Intravenous administration of nicotinamide mononucleotide delivered intact nicotinamide mononucleotide, which was directly converted to NAD+ into liver, kidney, and muscle tissue in a dose-dependent manner. Nicotinamide mononucleotide did not cross the blood-brain barrier but did raise brain levels of NAD+ derived from the salvage pathway. These data suggest that if nicotinamide mononucleotide is administered intravenously, it can directly form NAD+ and not be subject to feedback inhibition, possibly increasing tissue NAD+ levels to much higher levels than they otherwise would be.
Nicotinamide mononucleotide supplements are readily available on the market. Although nicotinamide mononucleotide administration has proven to be safe and to effectively increase NAD+ levels in rodents, the safety and efficacy of NMN supplementation in humans remain unknown. However, the first phase 1 clinical trial is underway to determine the safety and bioavailability of nicotinamide mononucleotide in humans.
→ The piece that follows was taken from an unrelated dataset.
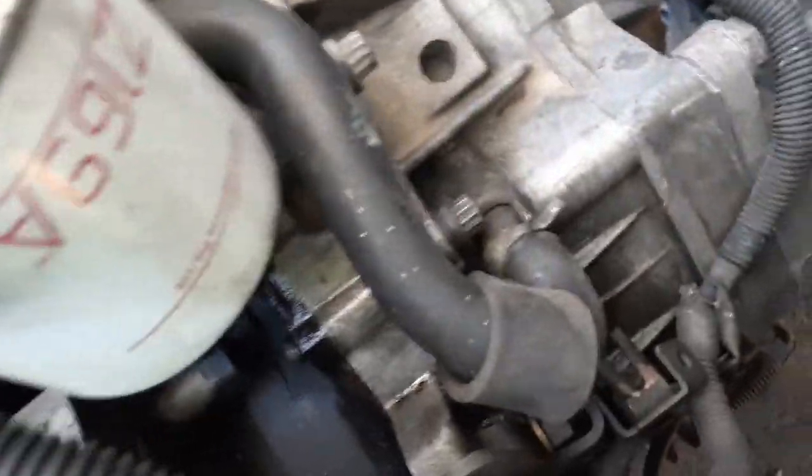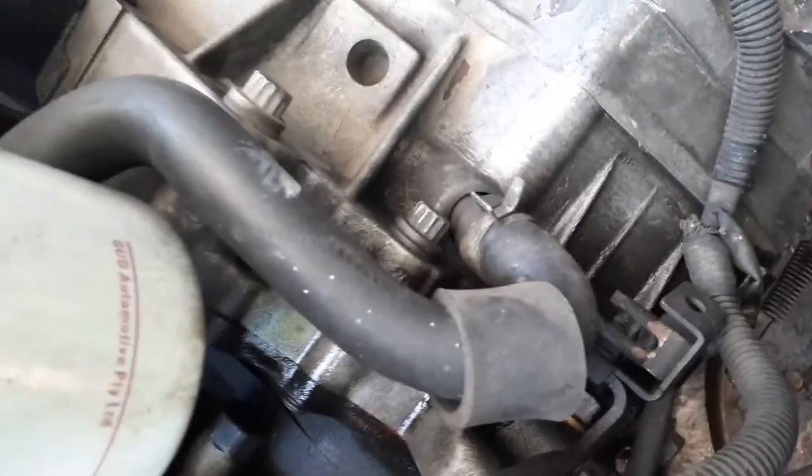And it goes to the crankcase ventilation here at the back in the timing case — and that is it.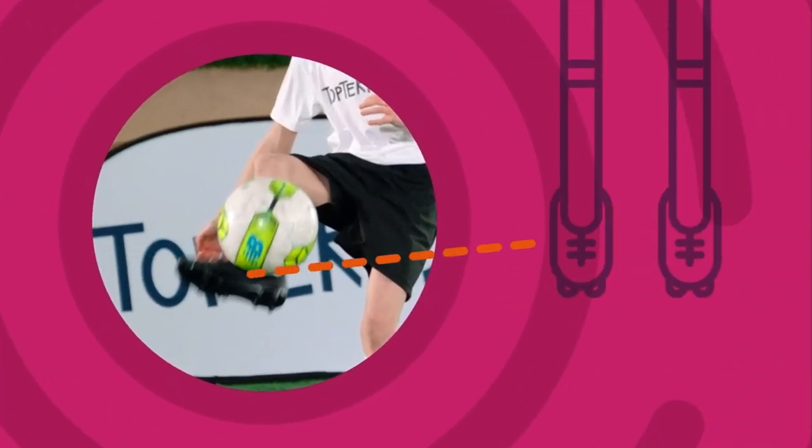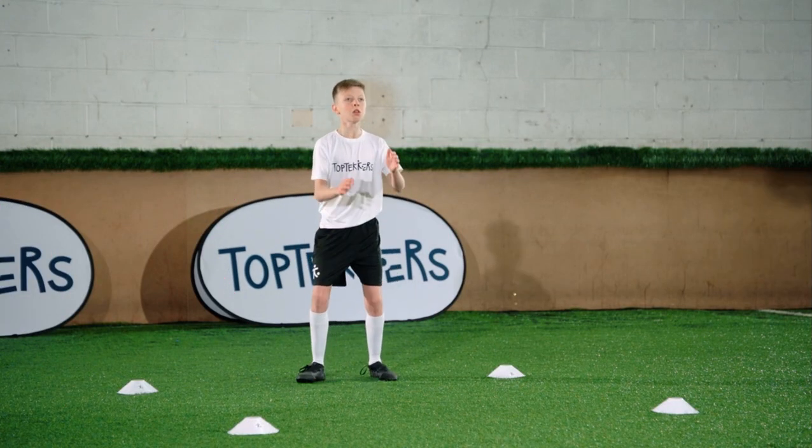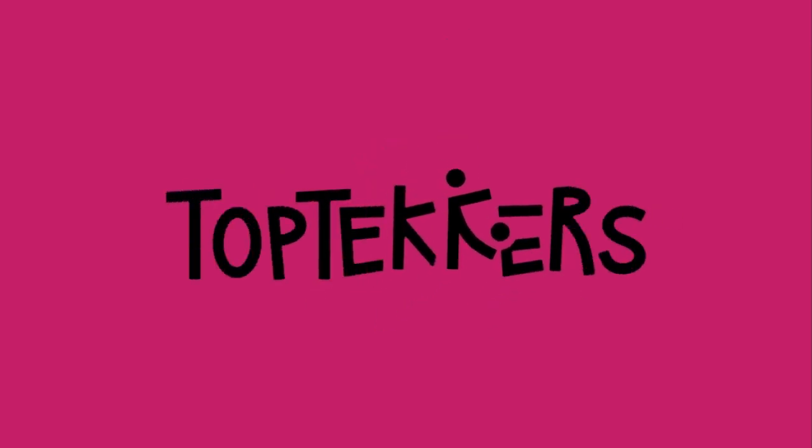Volley the ball back with the inside of your foot. Practice to be the best player you can be. I'll see you next time. Bye.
NAD+ levels decrease with age and may in part drive the aging process and the development of age-related diseases. Boosting NAD+ levels through nicotinamide mononucleotide administration has proven to be effective in improving age-related diseases such as cardiovascular disease and Alzheimer's disease in rodents. The first ongoing human clinical trial should provide insight into the safety and bioavailability of nicotinamide mononucleotide supplementation in humans.